[Short web captions]
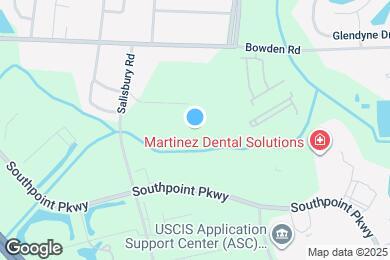 Map image of the property - Bennett Creek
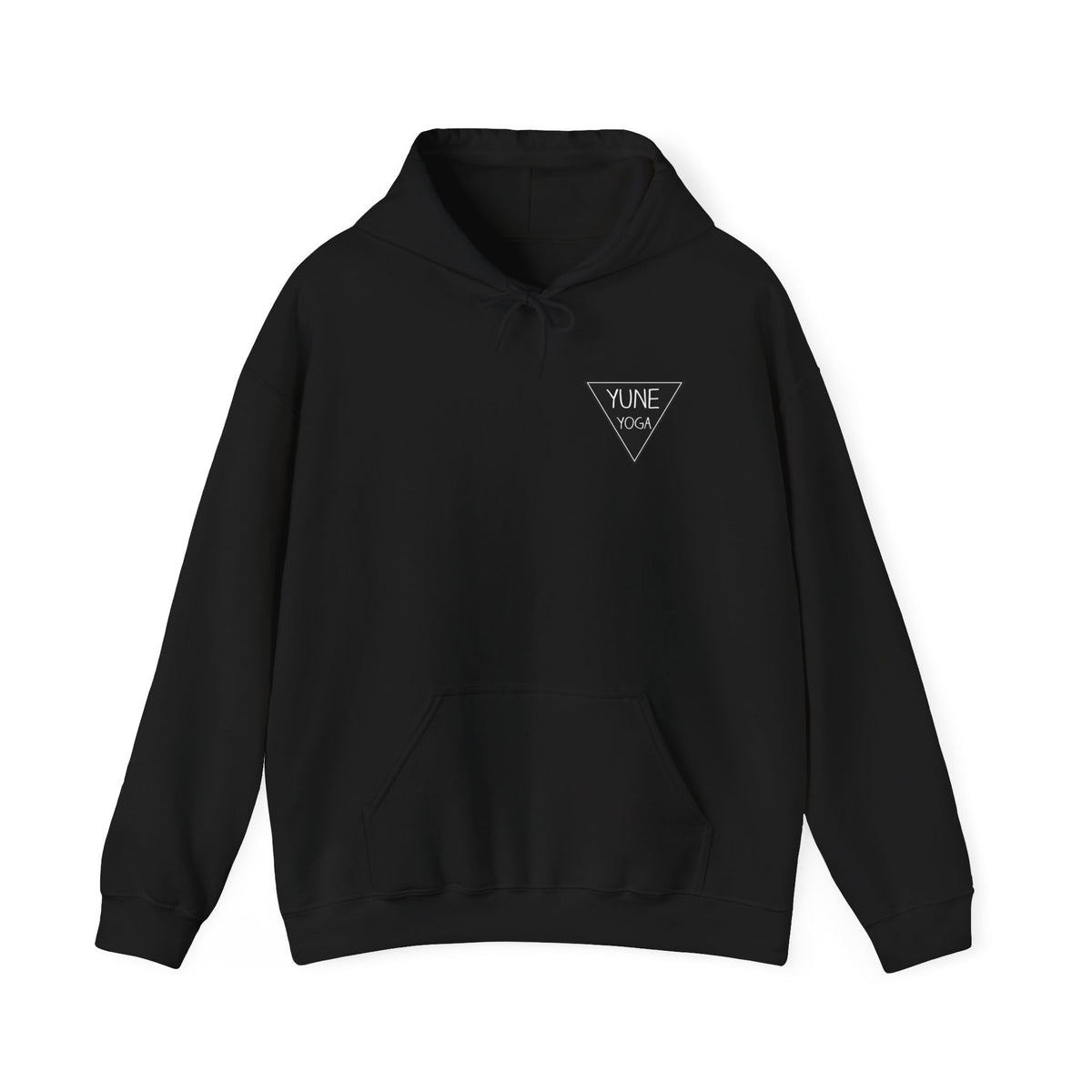 Yoga Hoodie - Yune Yoga Logo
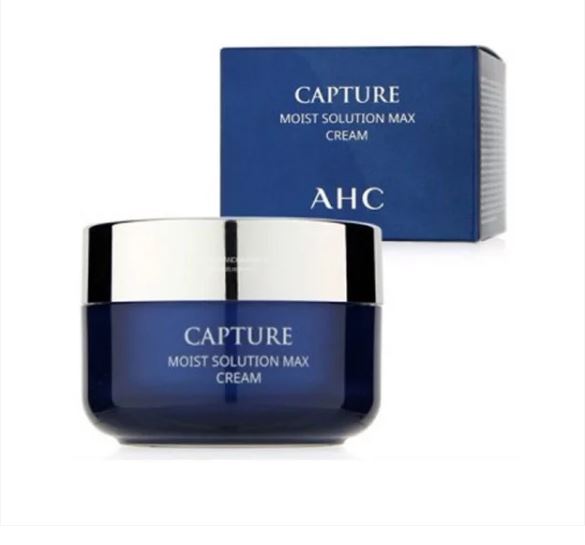 Kem Dưỡng AHC Capture Solution Prime Moist 50ml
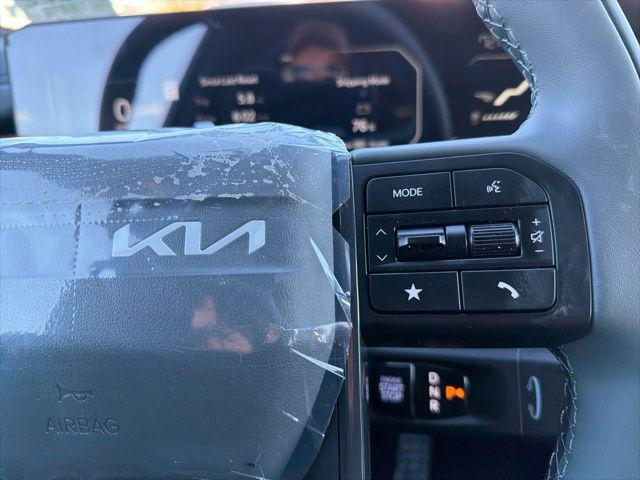 new 2027 Kia Telluride car, priced at $59,380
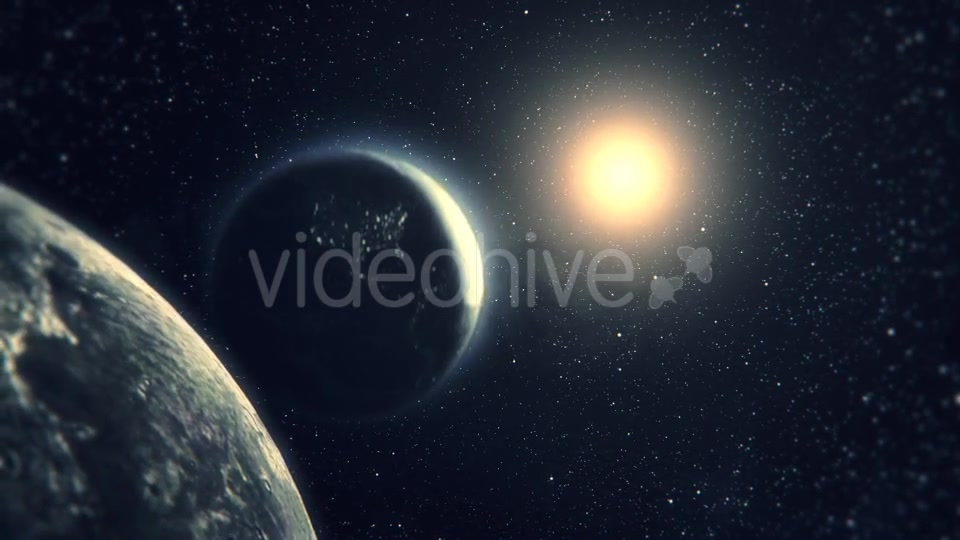 Space Travel Videohive 6067383 Motion Graphics Image 4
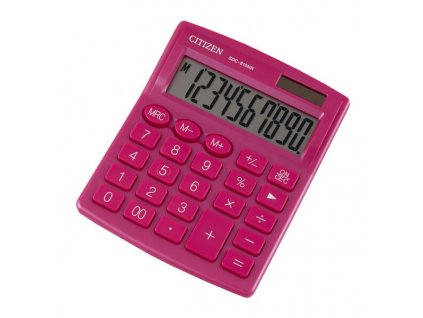 Kalkulačka CITIZEN SDC 810PKE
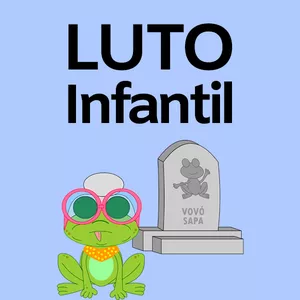 Imagem de capa para o Ebook Caderno de Atividades: Luto Infantil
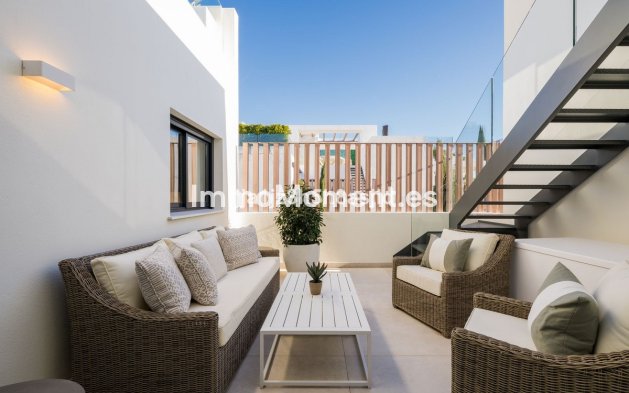 Revente - Villa - Marbella - Sierra Blanca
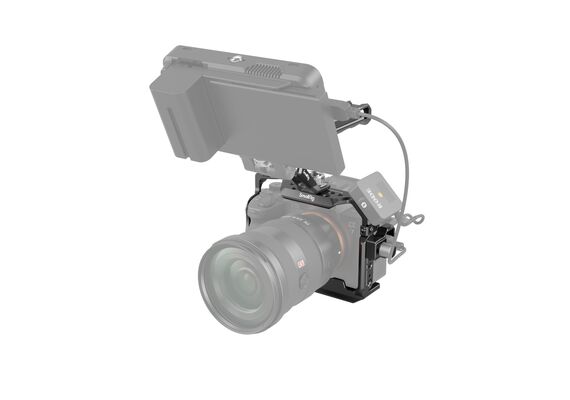 SMALLRIG 3668B Kit Cage para Sony Alpha 7R V / Alpha 7 IV / Alpha 7S III
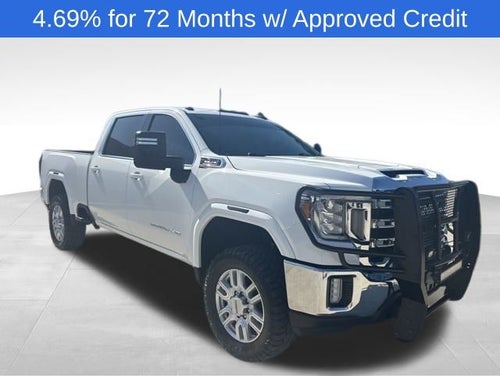2022 GMC Sierra 2500HD SLE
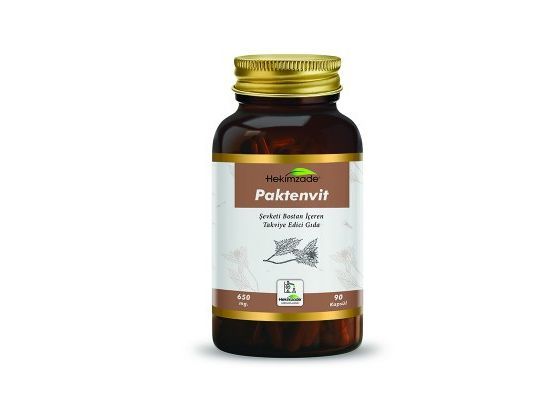 PAKTENVİT 90 KAPSÜL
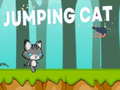 Παιχνίδι Jumping Cat 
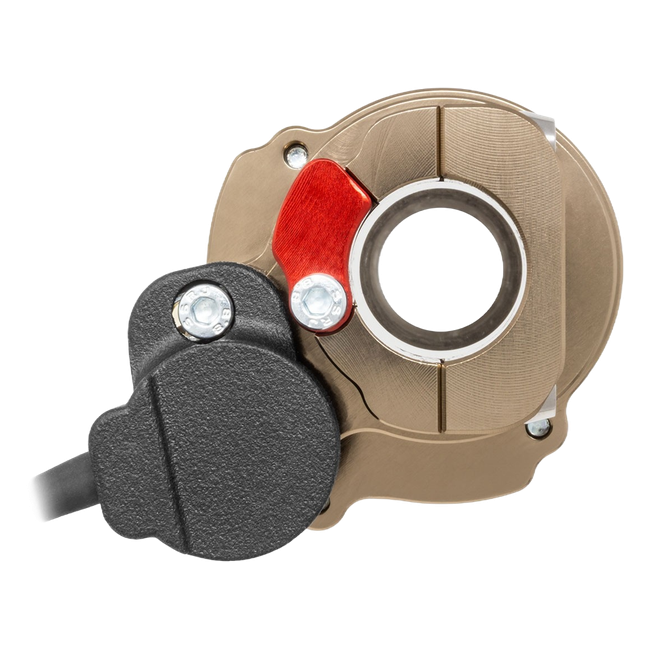 GP Series Kurzhubgasgriff JetPrime Ducati Panigale V4 S (25-26) JP ACCGP DU056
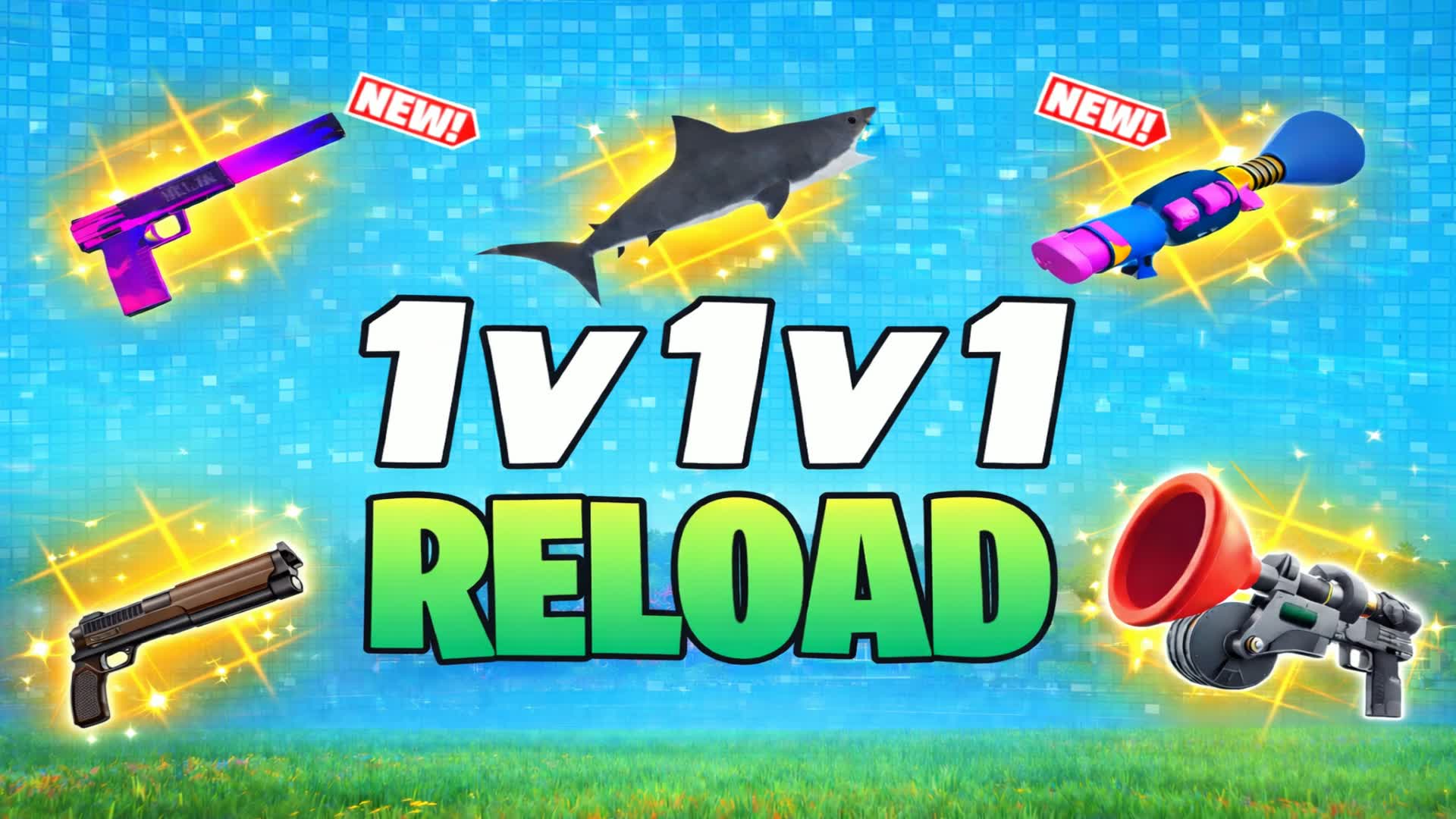 NEW 1V1V1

Exercise instructions
Please repeat, exactly as written, only the lines from the line with "Space Travel Videohive" to the end of the data, leaving out every picture.

Solution
 Space Travel Videohive 6067383 Motion Graphics Image 4
 Kalkulačka CITIZEN SDC 810PKE
 Imagem de capa para o Ebook Caderno de Atividades: Luto Infantil
 Revente - Villa - Marbella - Sierra Blanca
 SMALLRIG 3668B Kit Cage para Sony Alpha 7R V / Alpha 7 IV / Alpha 7S III
2022 GMC Sierra 2500HD SLE
 PAKTENVİT 90 KAPSÜL
 Παιχνίδι Jumping Cat 
 GP Series Kurzhubgasgriff JetPrime Ducati Panigale V4 S (25-26) JP ACCGP DU056
 NEW 1V1V1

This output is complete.